Relationships 
                            
                          Relationships are the cornerstone to our happiness. We are a social 
                            species and need interaction with other people. 
                          Here are ten tips to help you have stronger, more authentic relationships. 
                          
                            
                              
                                - Know thyself. Being true to yourself. Acknowledging your likes and
 
                                  dislikes, strengths and weaknesses is paramount. This is not a judgement 
                                  call, rather an inventory of who you are and where you are right now. This 
                                  empowers you to know what stimulates and drives you. 
                                  - Communicate with honesty. Authentic and meaningful communication is the
 
          difference between a casual relationship and one of deep meaning and 
          value. To be able to discuss deep issues and thoughts openly and candidly 
          is paramount in a close relationship. This takes time, so start off with 
          smaller, less threatening discussions gradually moving into the core 
          discussions that are important to you. 
                                  - Be considerate. Being compassionate towards your partner, taking into
 
                 consideration his or her perspectives, emotions and needs are the key to 
                 creating balance between different views, likes and beliefs and connecting 
                 both of you deeper and with great respect for each other. 
                                  - Listen. Shut up and open up. Listening is a skill.True engaged listening
 
                requires you to connect on a profound level. It means you have to shut out 
                all those voices in you head telling you to comment, fill the void, and 
                prove yourself by sharing your experience. It also creates a very powerful 
                vibrational energy of connection to the one you are listening to. 

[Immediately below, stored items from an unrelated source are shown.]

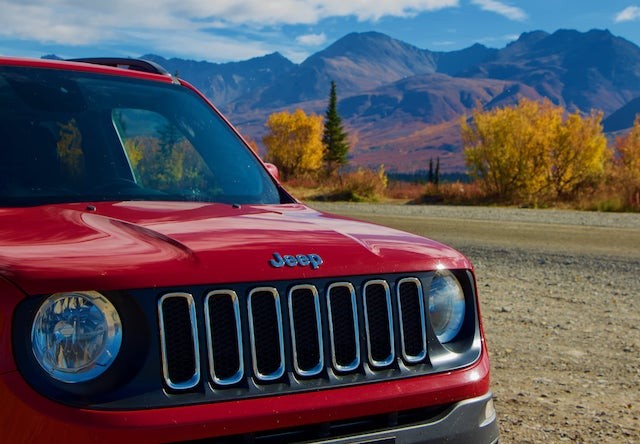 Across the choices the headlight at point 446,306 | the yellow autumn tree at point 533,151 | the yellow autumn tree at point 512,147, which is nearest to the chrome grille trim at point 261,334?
the headlight at point 446,306

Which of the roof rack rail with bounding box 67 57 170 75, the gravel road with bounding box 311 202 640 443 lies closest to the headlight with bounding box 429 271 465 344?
the gravel road with bounding box 311 202 640 443

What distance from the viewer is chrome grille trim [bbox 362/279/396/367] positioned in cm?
238

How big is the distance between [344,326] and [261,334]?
0.92 feet

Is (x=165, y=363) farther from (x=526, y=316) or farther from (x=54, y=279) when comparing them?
(x=526, y=316)

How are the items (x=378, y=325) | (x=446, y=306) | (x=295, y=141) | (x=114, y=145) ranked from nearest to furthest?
(x=378, y=325), (x=446, y=306), (x=114, y=145), (x=295, y=141)

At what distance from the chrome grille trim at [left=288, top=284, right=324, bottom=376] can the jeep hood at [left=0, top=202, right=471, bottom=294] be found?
5cm

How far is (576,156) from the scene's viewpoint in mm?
35656

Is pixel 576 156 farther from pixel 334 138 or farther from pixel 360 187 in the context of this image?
pixel 334 138

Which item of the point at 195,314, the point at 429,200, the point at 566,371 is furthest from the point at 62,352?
the point at 429,200

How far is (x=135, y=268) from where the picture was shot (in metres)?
2.06

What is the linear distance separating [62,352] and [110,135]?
1907 mm

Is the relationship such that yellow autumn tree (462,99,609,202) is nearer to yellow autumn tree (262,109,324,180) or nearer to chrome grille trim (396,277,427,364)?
chrome grille trim (396,277,427,364)

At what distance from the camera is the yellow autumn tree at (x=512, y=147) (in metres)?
34.4

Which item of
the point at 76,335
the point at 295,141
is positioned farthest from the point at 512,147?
the point at 295,141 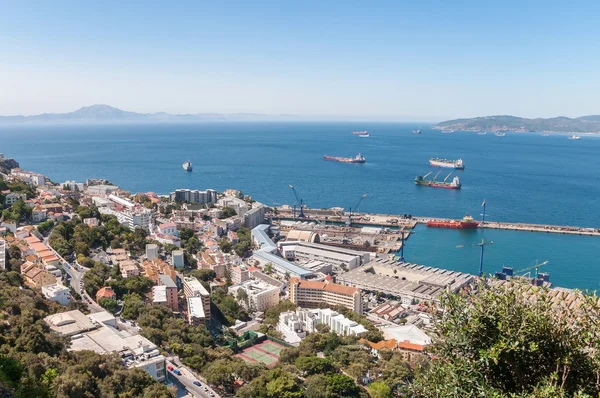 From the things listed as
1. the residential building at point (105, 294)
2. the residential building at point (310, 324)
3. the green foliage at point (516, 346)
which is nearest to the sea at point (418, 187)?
the residential building at point (310, 324)

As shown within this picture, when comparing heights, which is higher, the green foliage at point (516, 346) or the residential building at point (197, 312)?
the green foliage at point (516, 346)

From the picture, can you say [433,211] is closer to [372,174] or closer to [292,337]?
[372,174]

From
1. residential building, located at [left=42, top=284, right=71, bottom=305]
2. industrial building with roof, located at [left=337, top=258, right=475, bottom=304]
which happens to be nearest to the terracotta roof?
industrial building with roof, located at [left=337, top=258, right=475, bottom=304]

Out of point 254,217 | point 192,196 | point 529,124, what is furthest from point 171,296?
point 529,124

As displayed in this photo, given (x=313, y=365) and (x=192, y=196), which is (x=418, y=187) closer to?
(x=192, y=196)

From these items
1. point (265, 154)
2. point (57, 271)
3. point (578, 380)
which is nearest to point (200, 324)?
point (57, 271)

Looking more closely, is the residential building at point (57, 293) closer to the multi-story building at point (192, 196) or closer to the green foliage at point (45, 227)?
the green foliage at point (45, 227)

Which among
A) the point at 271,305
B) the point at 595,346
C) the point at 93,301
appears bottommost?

                Subconsciously they are aware of this connection when you are fully 
                engaged in listening. 
                                  - Know how and where to draw the line. So many times we feel uncomfortable
 
               and confrontational when we have to draw a line with another person. Not 
               drawing the line and setting your boundaries creates subconscious tension 
               for both of you. It affects communication, trust and the very relationship 
               itself. Be bold and thoughtfully set you boundaries. It will benefit both 
               parties. 
                                  - Give. Sometimes relationships can interfere with our agendas, but that's
 
            what friends are for. Carry the load and lead others, even when it is 
            inconvenient. You have to give if you will ever receive. Giving also helps 
            deepen the relationship.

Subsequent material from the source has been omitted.